_TASK DATA_
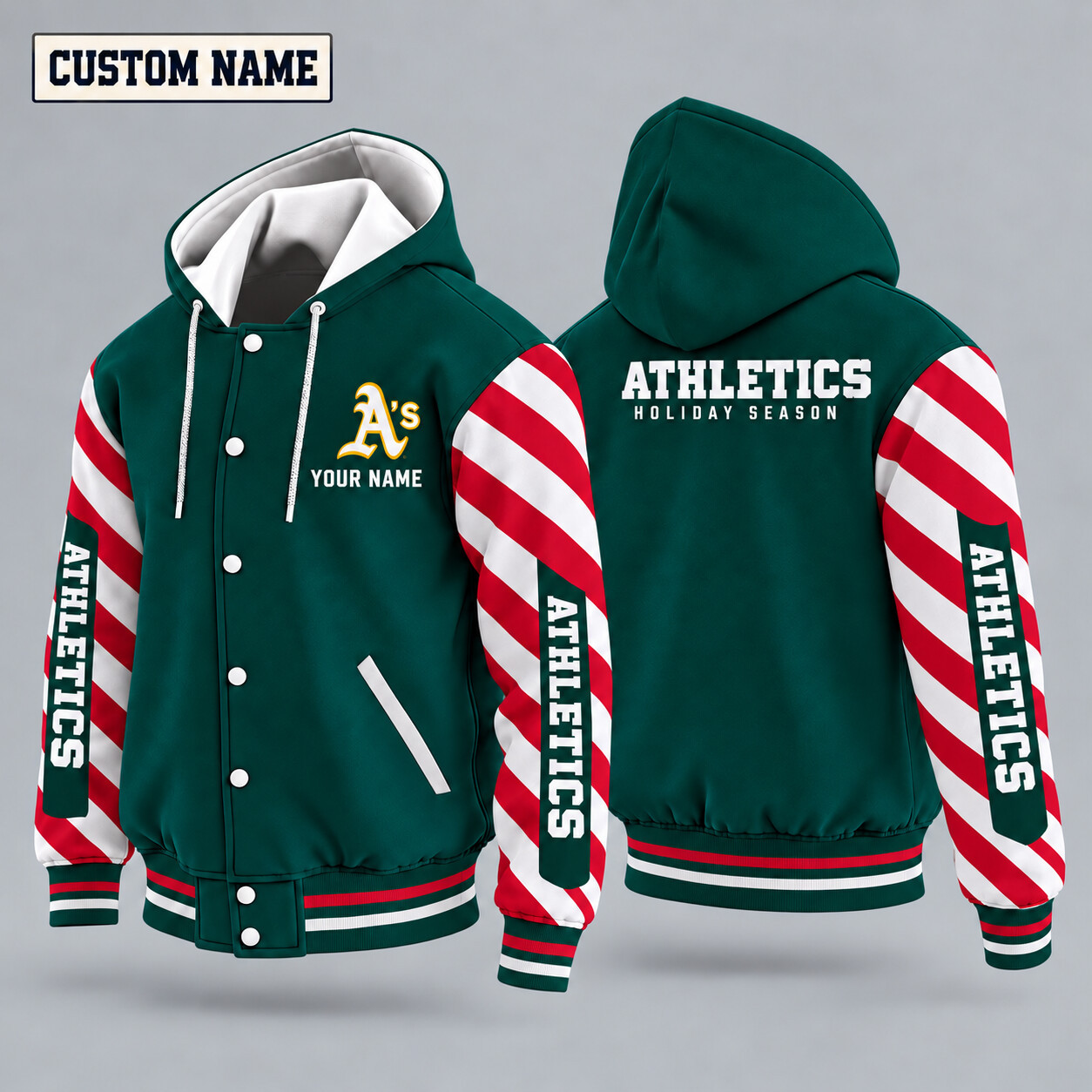 Athletics Candy Cane Christmas Hooded Letterman Jacket Custom Name PGVLJG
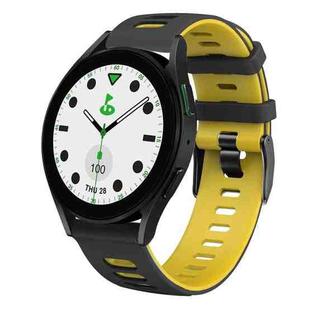 For Samsung Galaxy watch 5 Golf Edition 20mm Two-color Silicone Watch Band(Black + Yellow)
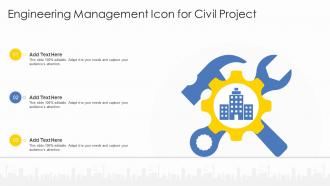 Engineering Management Icon For Civil Project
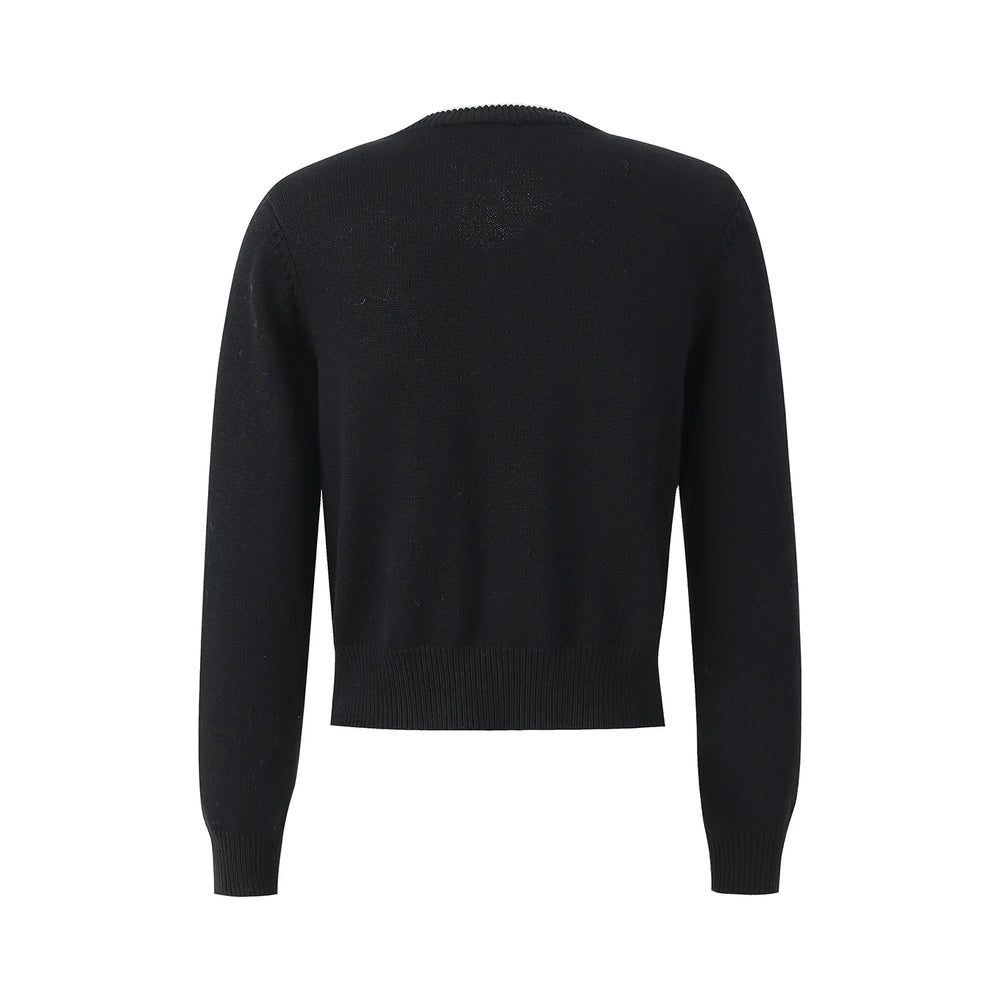 Black cardigan with white buttons and a logo on a white background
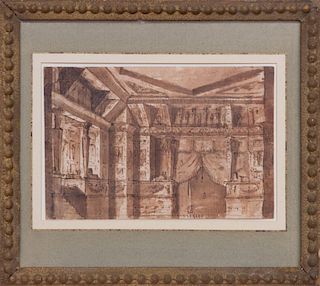 GASPARE GALLIARI (1761-1823): DESIGN FOR A STAGE SET - AN EGYPTIAN INTERIOR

_WHAT YOU WILL DO_
Beginning with the line containing "For Samsung Galaxy" and ending with the last line of the material, output each line exactly; do not include pictures.

_WORKED SOLUTION_
 For Samsung Galaxy watch 5 Golf Edition 20mm Two-color Silicone Watch Band(Black + Yellow)
 Engineering Management Icon For Civil Project
 Black cardigan with white buttons and a logo on a white background
 GASPARE GALLIARI (1761-1823): DESIGN FOR A STAGE SET - AN EGYPTIAN INTERIOR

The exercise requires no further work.